[Web page caption snippets]
::::
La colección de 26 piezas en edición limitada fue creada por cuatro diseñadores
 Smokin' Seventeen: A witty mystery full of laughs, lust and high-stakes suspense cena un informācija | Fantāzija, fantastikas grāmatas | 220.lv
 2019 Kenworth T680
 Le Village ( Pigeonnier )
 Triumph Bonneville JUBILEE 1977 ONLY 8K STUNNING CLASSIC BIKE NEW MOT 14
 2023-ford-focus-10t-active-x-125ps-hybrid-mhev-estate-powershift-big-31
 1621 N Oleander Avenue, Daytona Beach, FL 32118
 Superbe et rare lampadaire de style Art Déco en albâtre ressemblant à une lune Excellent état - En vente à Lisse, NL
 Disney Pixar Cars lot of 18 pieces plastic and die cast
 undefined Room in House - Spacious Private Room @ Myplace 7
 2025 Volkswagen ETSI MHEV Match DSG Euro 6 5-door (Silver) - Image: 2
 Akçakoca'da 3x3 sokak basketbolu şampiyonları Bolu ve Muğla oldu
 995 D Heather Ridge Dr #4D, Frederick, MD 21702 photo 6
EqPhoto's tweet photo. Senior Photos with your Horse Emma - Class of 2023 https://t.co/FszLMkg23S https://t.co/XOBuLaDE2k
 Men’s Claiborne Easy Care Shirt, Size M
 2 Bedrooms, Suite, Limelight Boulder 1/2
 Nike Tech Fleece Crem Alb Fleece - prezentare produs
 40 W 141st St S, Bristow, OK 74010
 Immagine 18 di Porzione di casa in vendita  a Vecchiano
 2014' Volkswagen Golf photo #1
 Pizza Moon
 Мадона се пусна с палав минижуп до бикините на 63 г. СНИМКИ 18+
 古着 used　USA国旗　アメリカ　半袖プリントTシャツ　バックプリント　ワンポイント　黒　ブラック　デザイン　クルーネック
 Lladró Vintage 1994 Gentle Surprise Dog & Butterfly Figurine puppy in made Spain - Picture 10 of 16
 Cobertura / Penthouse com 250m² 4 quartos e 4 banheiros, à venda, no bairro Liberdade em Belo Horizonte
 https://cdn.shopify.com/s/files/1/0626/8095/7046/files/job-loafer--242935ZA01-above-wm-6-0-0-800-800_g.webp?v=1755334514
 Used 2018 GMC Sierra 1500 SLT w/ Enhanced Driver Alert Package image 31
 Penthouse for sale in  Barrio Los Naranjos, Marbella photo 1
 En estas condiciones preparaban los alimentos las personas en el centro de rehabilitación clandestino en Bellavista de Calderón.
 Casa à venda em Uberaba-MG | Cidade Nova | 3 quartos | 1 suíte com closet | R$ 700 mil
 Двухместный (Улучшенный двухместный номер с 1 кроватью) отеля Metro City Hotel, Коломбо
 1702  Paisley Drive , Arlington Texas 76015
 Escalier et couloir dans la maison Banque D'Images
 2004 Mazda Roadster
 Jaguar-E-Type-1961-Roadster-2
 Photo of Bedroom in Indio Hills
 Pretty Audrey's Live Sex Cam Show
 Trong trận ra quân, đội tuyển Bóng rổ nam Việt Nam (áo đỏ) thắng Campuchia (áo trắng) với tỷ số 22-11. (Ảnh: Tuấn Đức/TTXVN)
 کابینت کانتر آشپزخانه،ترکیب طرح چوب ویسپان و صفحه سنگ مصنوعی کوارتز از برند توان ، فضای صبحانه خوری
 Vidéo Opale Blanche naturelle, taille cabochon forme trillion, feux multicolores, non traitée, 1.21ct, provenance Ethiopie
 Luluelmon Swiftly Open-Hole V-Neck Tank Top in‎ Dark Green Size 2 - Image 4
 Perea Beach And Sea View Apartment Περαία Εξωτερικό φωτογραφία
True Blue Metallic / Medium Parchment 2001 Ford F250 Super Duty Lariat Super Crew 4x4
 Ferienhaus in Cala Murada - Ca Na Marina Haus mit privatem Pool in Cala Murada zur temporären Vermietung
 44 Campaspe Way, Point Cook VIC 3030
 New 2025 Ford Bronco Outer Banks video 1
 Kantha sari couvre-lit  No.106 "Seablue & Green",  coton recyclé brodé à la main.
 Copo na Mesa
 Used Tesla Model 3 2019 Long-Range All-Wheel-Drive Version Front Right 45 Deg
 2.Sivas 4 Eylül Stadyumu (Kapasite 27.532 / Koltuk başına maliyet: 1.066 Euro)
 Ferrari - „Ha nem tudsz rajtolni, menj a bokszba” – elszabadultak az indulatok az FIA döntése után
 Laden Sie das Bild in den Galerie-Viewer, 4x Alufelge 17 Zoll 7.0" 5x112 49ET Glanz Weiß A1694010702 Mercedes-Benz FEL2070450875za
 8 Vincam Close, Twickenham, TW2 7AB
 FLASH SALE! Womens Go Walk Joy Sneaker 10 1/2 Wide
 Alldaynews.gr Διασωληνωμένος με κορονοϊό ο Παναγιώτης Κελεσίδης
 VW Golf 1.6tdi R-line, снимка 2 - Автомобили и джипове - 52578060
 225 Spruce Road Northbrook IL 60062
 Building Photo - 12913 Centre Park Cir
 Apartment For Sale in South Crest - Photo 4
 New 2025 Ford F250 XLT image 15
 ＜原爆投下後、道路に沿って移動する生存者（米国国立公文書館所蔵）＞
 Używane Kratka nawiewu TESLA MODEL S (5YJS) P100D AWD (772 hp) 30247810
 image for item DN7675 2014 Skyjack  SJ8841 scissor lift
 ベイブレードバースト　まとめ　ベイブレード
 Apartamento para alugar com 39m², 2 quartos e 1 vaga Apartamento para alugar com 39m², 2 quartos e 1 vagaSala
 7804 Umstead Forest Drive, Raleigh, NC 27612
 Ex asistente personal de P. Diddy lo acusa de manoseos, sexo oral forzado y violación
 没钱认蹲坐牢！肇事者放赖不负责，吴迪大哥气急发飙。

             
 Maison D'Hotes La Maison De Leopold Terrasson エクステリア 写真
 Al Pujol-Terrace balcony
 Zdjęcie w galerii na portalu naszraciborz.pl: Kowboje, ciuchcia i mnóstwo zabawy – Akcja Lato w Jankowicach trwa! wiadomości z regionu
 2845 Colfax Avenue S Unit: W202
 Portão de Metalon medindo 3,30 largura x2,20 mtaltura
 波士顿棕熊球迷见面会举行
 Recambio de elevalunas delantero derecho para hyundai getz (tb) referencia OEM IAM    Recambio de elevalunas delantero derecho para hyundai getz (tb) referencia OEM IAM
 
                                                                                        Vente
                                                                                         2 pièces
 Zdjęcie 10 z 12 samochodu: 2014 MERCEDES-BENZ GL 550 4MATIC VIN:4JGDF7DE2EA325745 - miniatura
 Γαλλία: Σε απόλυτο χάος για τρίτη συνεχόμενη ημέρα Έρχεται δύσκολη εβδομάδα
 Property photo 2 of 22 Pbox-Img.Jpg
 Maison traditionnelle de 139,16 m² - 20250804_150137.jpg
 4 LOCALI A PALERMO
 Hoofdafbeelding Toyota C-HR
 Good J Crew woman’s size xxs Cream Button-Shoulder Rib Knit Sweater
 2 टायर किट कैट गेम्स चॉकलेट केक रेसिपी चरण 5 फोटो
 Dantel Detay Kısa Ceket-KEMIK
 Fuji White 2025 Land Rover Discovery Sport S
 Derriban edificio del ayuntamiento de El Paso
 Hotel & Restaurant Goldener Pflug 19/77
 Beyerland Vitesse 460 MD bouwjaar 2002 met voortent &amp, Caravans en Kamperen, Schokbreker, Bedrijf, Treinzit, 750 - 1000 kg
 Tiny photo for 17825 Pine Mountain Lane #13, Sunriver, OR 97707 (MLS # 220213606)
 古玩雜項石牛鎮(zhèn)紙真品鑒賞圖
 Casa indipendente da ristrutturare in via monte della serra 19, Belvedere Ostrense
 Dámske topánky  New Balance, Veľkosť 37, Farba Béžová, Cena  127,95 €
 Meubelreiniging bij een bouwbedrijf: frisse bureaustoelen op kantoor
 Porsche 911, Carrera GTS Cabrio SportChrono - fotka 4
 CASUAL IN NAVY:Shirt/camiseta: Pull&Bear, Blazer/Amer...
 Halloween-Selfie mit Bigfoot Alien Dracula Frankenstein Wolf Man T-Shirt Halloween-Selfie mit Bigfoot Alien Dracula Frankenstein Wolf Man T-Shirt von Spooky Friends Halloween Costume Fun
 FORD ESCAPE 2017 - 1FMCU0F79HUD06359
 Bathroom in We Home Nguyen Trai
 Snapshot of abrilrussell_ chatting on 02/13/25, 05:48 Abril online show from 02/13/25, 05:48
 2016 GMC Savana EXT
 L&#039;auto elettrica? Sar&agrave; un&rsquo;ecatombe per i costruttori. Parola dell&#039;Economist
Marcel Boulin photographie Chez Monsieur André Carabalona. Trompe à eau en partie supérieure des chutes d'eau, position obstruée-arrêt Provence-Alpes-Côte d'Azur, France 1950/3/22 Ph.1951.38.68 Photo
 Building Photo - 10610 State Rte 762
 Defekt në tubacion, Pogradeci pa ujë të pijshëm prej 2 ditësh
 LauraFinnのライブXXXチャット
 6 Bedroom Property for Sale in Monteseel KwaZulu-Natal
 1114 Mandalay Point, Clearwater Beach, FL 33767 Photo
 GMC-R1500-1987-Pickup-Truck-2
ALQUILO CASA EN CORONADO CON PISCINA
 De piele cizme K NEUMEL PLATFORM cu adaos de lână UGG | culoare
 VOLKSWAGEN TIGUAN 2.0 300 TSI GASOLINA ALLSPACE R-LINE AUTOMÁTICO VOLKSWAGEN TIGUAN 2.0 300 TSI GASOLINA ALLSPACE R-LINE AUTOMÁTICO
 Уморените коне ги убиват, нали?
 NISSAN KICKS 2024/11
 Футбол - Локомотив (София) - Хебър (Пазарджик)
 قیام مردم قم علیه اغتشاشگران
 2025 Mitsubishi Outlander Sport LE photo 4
::::
TASK REQUIREMENTS:
Using the data above, reproduce exactly the lines between those holding "Cobertura / Penthouse" and "Pretty Audrey's Live Sex Cam Show", inclusive, and no others.

EXERCISE SOLUTION:
 Cobertura / Penthouse com 250m² 4 quartos e 4 banheiros, à venda, no bairro Liberdade em Belo Horizonte
 https://cdn.shopify.com/s/files/1/0626/8095/7046/files/job-loafer--242935ZA01-above-wm-6-0-0-800-800_g.webp?v=1755334514
 Used 2018 GMC Sierra 1500 SLT w/ Enhanced Driver Alert Package image 31
 Penthouse for sale in  Barrio Los Naranjos, Marbella photo 1
 En estas condiciones preparaban los alimentos las personas en el centro de rehabilitación clandestino en Bellavista de Calderón.
 Casa à venda em Uberaba-MG | Cidade Nova | 3 quartos | 1 suíte com closet | R$ 700 mil
 Двухместный (Улучшенный двухместный номер с 1 кроватью) отеля Metro City Hotel, Коломбо
 1702  Paisley Drive , Arlington Texas 76015
 Escalier et couloir dans la maison Banque D'Images
 2004 Mazda Roadster
 Jaguar-E-Type-1961-Roadster-2
 Photo of Bedroom in Indio Hills
 Pretty Audrey's Live Sex Cam Show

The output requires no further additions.